Le ministre iranien des Affaires étrangères a d'ailleurs blâmé "l'aventurisme américain" pour cette catastrophe. "Jour triste", a écrit Mohammad Javad Zarif sur Twitter. Une "erreur humaine en des temps de crise causée par l'aventurisme américain a mené au désastre", a-t-il ajouté, tout en exprimant par la suite ses "profonds regrets, excuses, et condoléances à notre peuple, aux familles des victimes et aux autres nations affectées" par le drame. 

Le responsable sera "traduit en justice"

L'Iran regrette "profondément" ce crash, "une grande tragédie et une erreur impardonnable", a déclaré à son tour le président iranien Hassan Rohani. "L'enquête interne des forces armées a conclu que de manière regrettable des missiles lancés par erreur ont provoqué l'écrasement", a-t-il poursuivi. Les investigations ne sont pas pour autant terminées. Le "responsable" va être traduit "immédiatement" en justice, a affirmé l’état-major iranien.

Peu après dans la matinée, le commandant de la branche aérospatiale des Gardiens de la Révolution iraniens a déclaré endosser la "responsabilité totale" du drame, lors d’une déclaration télévisée. L'opérateur de missile qui a abattu le Boeing ukrainien mercredi à Téhéran a fait feu sans pouvoir obtenir la confirmation d'un ordre de tir à cause d'un "brouillage" télécom, a affirmé samedi un général iranien. Le soldat a pris l'avion pour un "missile de croisière" et il a eu "10 secondes" pour décider, a-t-il déclaré.

L'enquête continue pour l'Iran, l'Ukraine et le Canada

La présidence ukrainienne s'est dite certaine, samedi, que Téhéran allait mener une enquête "prompte et objective" après son aveu. "Nos spécialistes en Iran ont eu accès à toutes les photos et vidéos et aux autres informations nécessaires pour analyser les processus en cours à Téhéran", peut-on lire dans un communiqué de la présidence. Une cinquantaine d'experts ukrainiens étaient arrivés à Téhéran jeudi pour participer à l'enquête, et notamment au décryptage des boîtes noires de l'appareil. Les présidents ukrainien et iranien doivent s’entretenir au téléphone dans l’après-midi samedi.

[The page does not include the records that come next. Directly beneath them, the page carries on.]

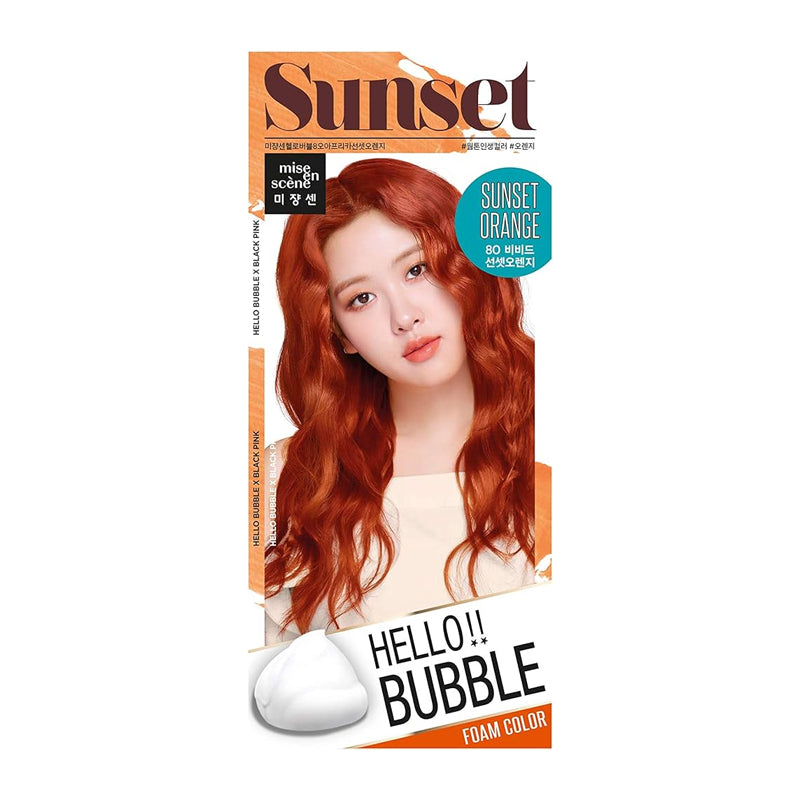 Mise En Scene - Hello Bubble Foam Colour Hair Dye 30g x (17 Colours) - Black Pink Ed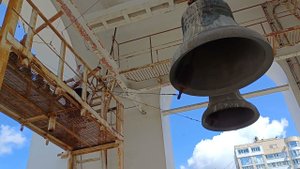 Дарья, колокольный звон в Соборе Кирилла и Мефодия, город Самара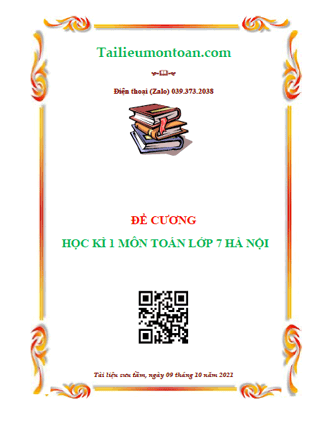 Đề cương học kì 1 môn toán lớp 7 Hà Nội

Le Premier ministre canadien a lui aussi réagi rapidement à l’annonce, annonçant vouloir "faire la lumière dans ce dossier" et réclamant un "esprit de transparence et de justice". "Il s'agit d'une tragédie nationale et tous les Canadiens sont en deuil. Nous continuerons de travailler avec nos partenaires à travers le monde pour veiller à ce qu'une enquête complète et approfondie soit menée", a assuré Justin Trudeau, ajoutant : "Le gouvernement du Canada s'attend à la pleine collaboration des autorités iraniennes." 

Le président Iranien et son homologue canadien se sont entretenus au téléphone samedi. "Ce matin j'ai parlé au président iranien Rohani et je lui ai dit que les aveux de l'Iran étaient un pas important en vue d'apporter des réponses aux familles, mais j'ai souligné que d'autres mesures doivent être prises", a annoncé Justin Trudeau. "Ce que l'Iran a reconnu est très grave, abattre un avion de ligne commercial est horrible, l'Iran doit en assumer l'entière responsabilité", a ajouté le Premier ministre. Il s'est dit "scandalisé et furieux" et a estimé que "cela n'aurait jamais dû arriver, même dans une période de tension accrue."

Une équipe d'enquêteurs canadiens est attendue à Téhéran d'ici quelques heures pour "établir une présence sur le terrain pour soutenir les familles canadiennes", a annoncé Justin Trudeau.